Bruce Sterling

War Is Virtual Hell

The First Company of the 12th Armored Cavalry Regiment prepared for virtual battle.

At the Combined Arms and Tactical Training Center (CATTC) in Fort Knox, Ky., the troops prepared to enter SIMNET - a virtual war delivered via network links. With the almost Disney-like mimicry typical of SIMNET operations, the warriors were briefed in an actual field command-post, with folding camp-stools, fly swatters, and stenciled jerry cans. The young tankers wore green- and-brown forest camouflage fatigues, black combat boots, and forage caps.

Their command-post canvas tent was pitched inside the giant CATTC barn, right in the midst of silent rows of plastic tank simulators.

The Americans listened to a British officer on NATO exchange, Maj. Rogers, a two-year veteran of Fort Knox's simulator network. The major wore British olive-green, with rolled sleeves and gold-crowned epaulets and a Union Jack at the shoulder.
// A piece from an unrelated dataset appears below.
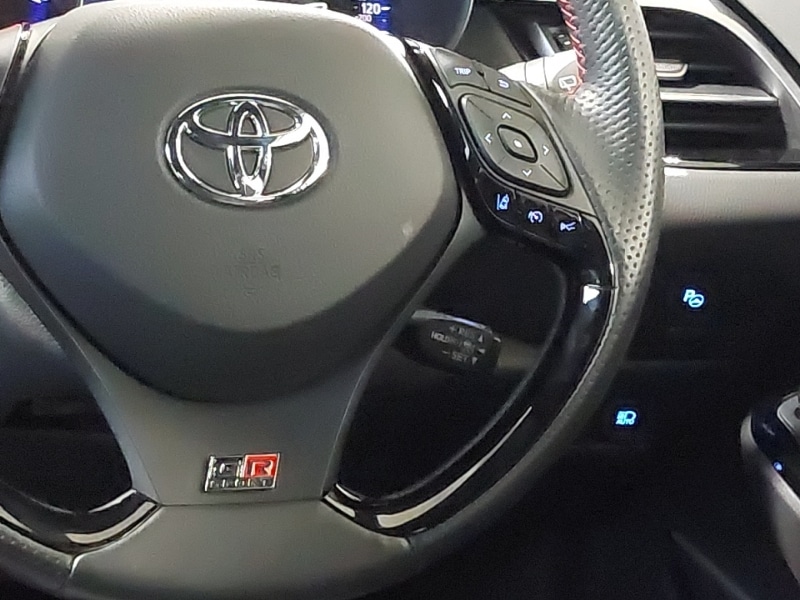 Used Toyota C-HR 2023 for sale - 77750914: Photo 11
He swiftly explained the tactical situation with deft scribbles on the plastic overlay covering a large topographical map.
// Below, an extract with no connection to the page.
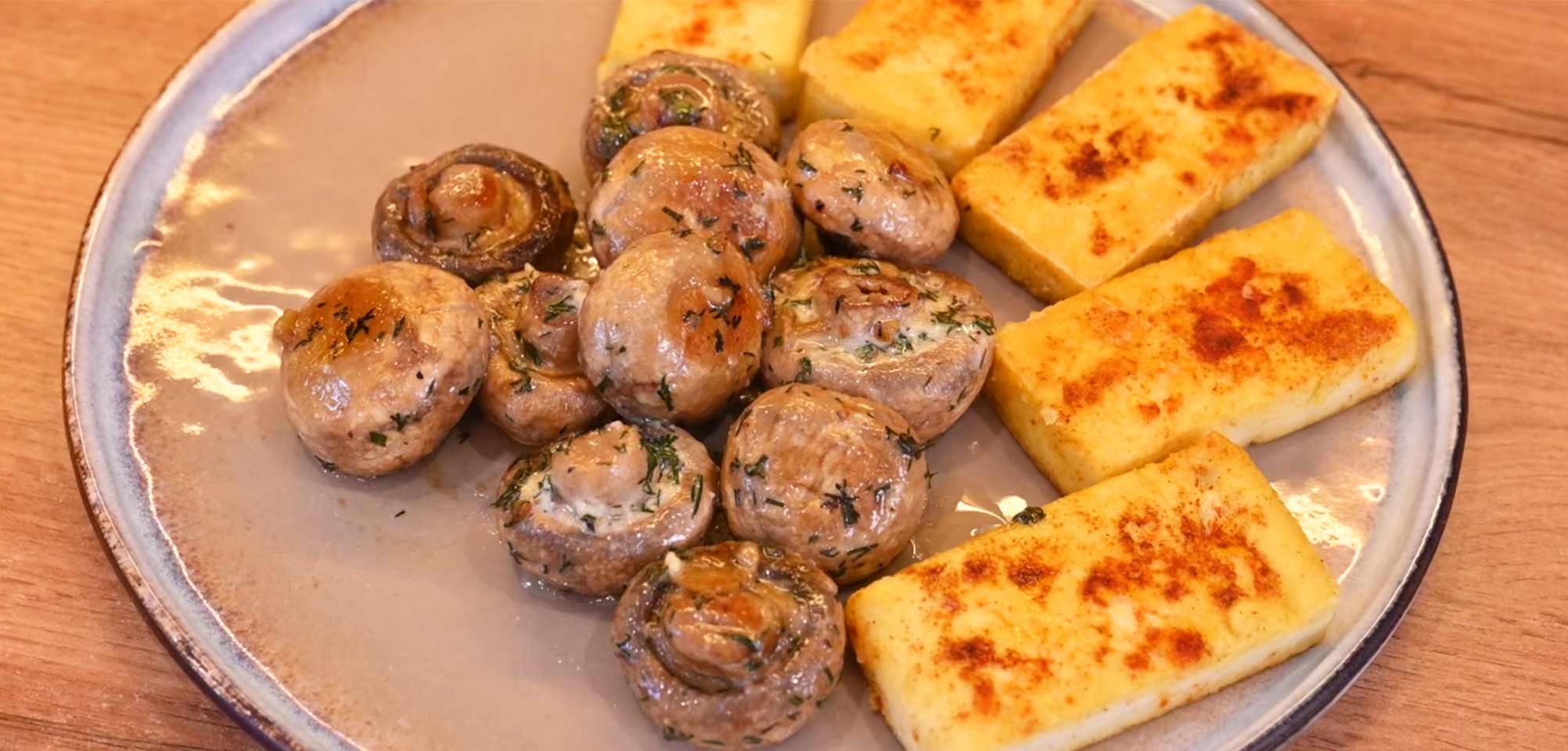 Жареный тофу с шампиньонами в постном маринаде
Today's engagement would take place in a digital replica of California's Mojave Desert, the bleak, much-mangled terrain that is the heavy-armor stomping grounds of the US Army's National Training Center. Thanks to the Defense Advanced Research Projects Agency (DARPA), the Defense Mapping Agency, and the Army's Topographic Engineering Center, the US military's vast Mojave acreage had been replicated virtually. The virtual Mojave is now available for daily use even in distant Fort Knox (and in an increasing number of other simulation centers around the planet).

The NTC's Mojave was a very harsh terrain, a hell of a place to lose a cow or to throw a tank track, and today it was worse yet, because it was swarming with the Opposing Forces.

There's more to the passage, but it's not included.